Decree or order obtained by playing fraud on the court, tribunal or authority is a nullity and non est in the eye of the law. Such a judgment, decree or order by the first court or by the final court has to be treated as nullity by every court, superior or inferior. It can be challenged in any court, at any time, in appeal, revision, writ or even in collateral proceedings and the same was upheld by High Court of Delhi through the learned bench led by Justice Prathiba M. Singh in the case of NARESH KHER vs. S JAGJIT SINGH & ORS. [CM APPL.10276/2019] on 03.02.2022.

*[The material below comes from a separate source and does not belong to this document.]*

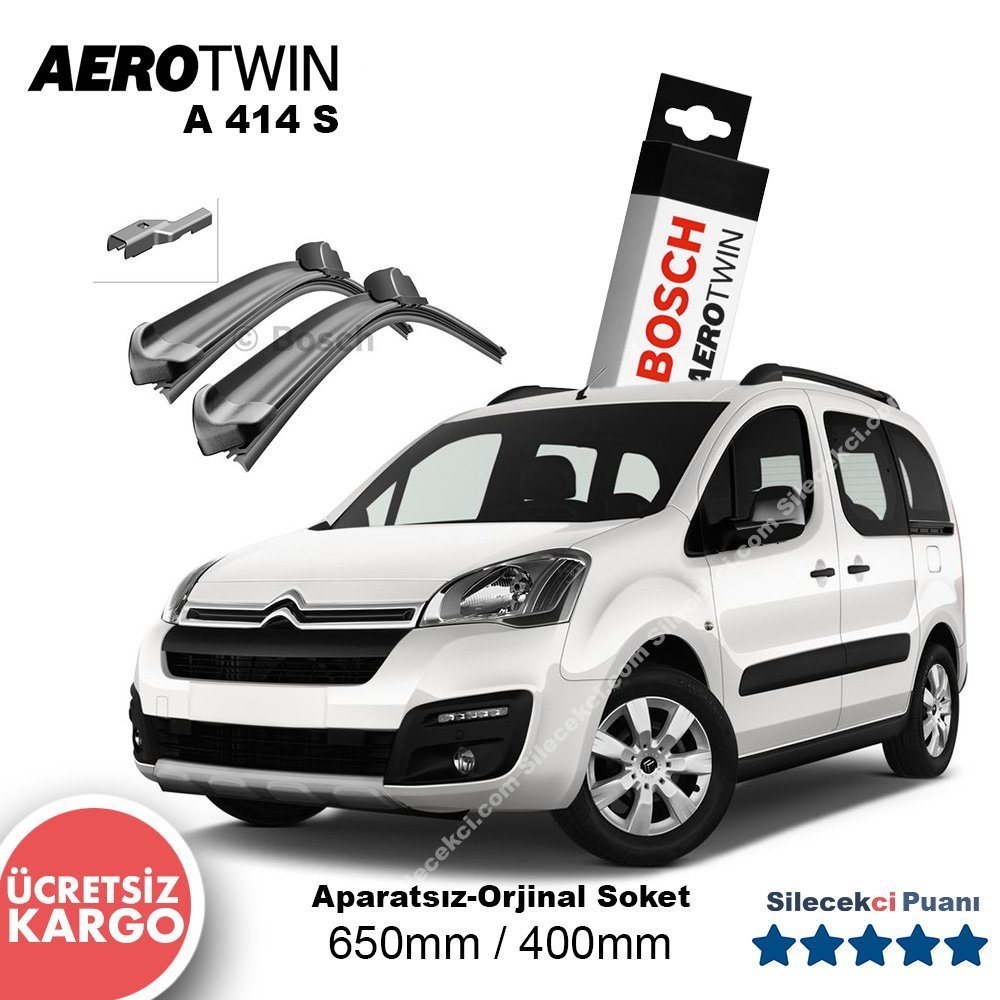 Citroen Berlingo Silecek Seti (2008-2018) Bosch Aerotwin A414S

The facts of the case are that the suit property was claimed to have been allotted by the DDA in favour of one Mrs. Narmada Devi (Respondent) who along with her son, Mr. Deepak Varshney entered into multiple agreements of sale deeds in respect of the same suit property. The said owner has collected huge sums of money from the persons with whom agreements were entered into. Mr. Jagjit Singh claimed that he had an agreement to sell and purchase in respect of the suit property. However, no documents in respect thereof were disclosed to the Police.
Criminal complaints were filed against Mrs. Narmada Devi and her son. They were arrested and remained in custody for more than four years and was given bail thereafter.
The petitioner’s counsel submitted that the entire decree was obtained by fraud inasmuch as at no point in time was the Court informed about any of the other agreements subsequently executed with the other parties and neither was the information about the suit filed by Mr. Jagjit Singh disclosed to the other parties. It was further submitted that Mr. Jagjit Singh has made a deliberate effort to conceal the proceedings filed by him seeking specific performance.
The respondent’s counsel submitted that a third-party purchaser who may have purchased the suit property during the pendency of existing litigation does not have any locus to file objections.
According to facts and circumstances of the cases, Court held that all parties to the case shall maintain the status quo in respect of title and possession of the suit property and shall not create any third-party interest in the suit property.
The Court observed that, “decree or order obtained by playing fraud on the court, tribunal or authority is a nullity and non est in the eye of the law. Such a judgment, decree or order by the first court or by the final court has to be treated as nullity by every court, superior or inferior. It can be challenged in any court, at any time, in appeal, revision, writ or even in collateral proceedings”.